Three judges on a federal appeals court in California made it official last week: The traditional recorded music business is doomed.

Yes, there's still the US Supreme Court, one last way station on the road to the abyss. But it's unlikely that those nine justices will undo the work of their West Coast colleagues. Last week's ruling in the Grokster case was lucid, logical, and unanimous. Peer-to-peer file-sharing programs like Grokster, Kazaa, LimeWire, and all the rest, used by millions worldwide to exchange pirated copies of music and movies, do not violate federal copyright law. The users of these programs may face prosecution for swiping the files. But the makers of the software are in the clear.

For those of us who despise the file-swappers as larcenous hypocrites, it's not a happy verdict. But it's well nigh impossible to dispute it. The judges simply pointed to a crucial 1984 Supreme Court decision that protected the rights of Americans to own videotape recorders. The movie industry scowled that these devices would enable people to practice a lively trade in pirated movies. The court responded that VCRs could also enable a fellow working the night shift to watch "The Waltons" when he got home. And because the technology had "substantial noninfringing uses," VCRs could not be banned, even if they could also be used for illegal purposes.
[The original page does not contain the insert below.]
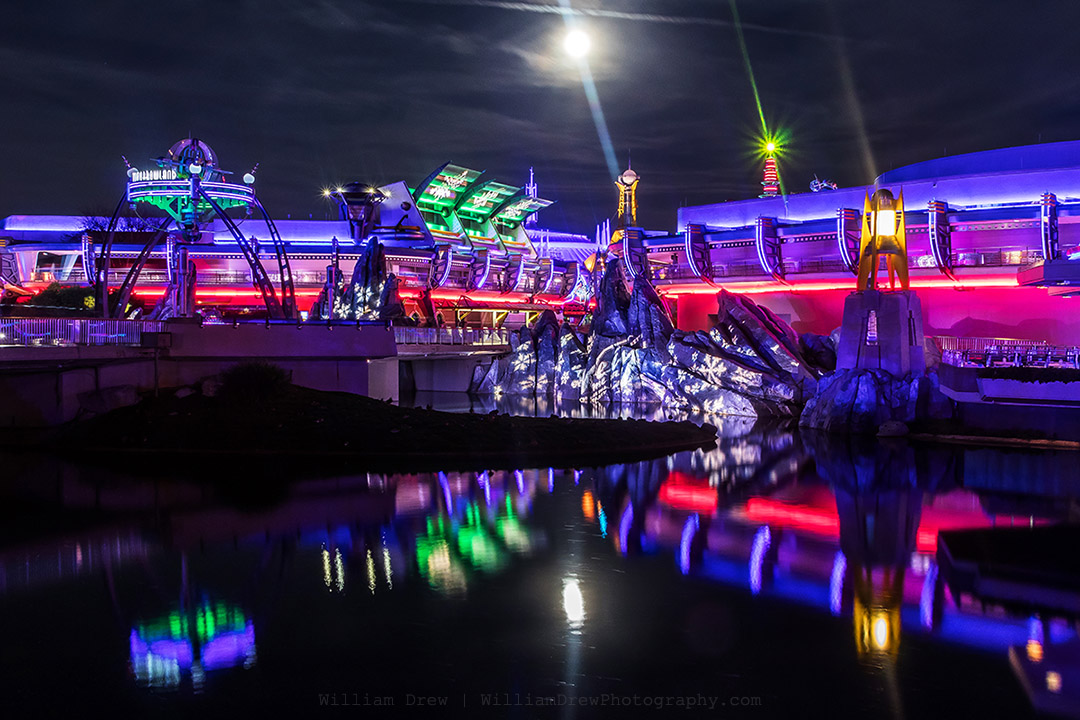 Disney Wall Art Prints - Tomorrowland at Night | William Drew Photography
The so-called "Betamax case" liberated technologists to create CD and DVD burners, portable MP3 music players, and music-ripping software, secure in the knowledge that they couldn't be sued for it.

Alas, it also provided running room for the Groksters and Kazaas of the world. The managers of these companies know full well that their products encourage music theft, but insist upon pretending, like Sergeant Schultz, that they know nothing.

Well, now it doesn't matter what they know. As long as their software has legitimate uses, as well as corrupt ones, it's legal.

Republican Senator Orrin Hatch of Utah must have seen this coming. Hatch went out on a limb a few months back, proposing a federal law that would ban products that sought to "induce" copyright violations. In this space, I defended Hatch against the scorn of outraged technologists, who insisted the new law would have stifled the invention of the Apple iPod and other tech goodies.

But I changed my mind when Marybeth Peters, the chief of the US Copyright Office, praised the Hatch bill because it would undermine the Betamax case. If that happened, the next generation of digital marvels would be buried in an avalanche of injunctions, depositions, and discovery motions. No thanks, Marybeth. We'd rather learn to live with digital thievery.

The Electronic Frontier Foundation, an Internet civil liberties group, plotted the file-swappers' victorious legal strategy. The foundation also has a plan for the future of recorded music, a plan that gives artists and producers a hope of collecting at least some money for their work.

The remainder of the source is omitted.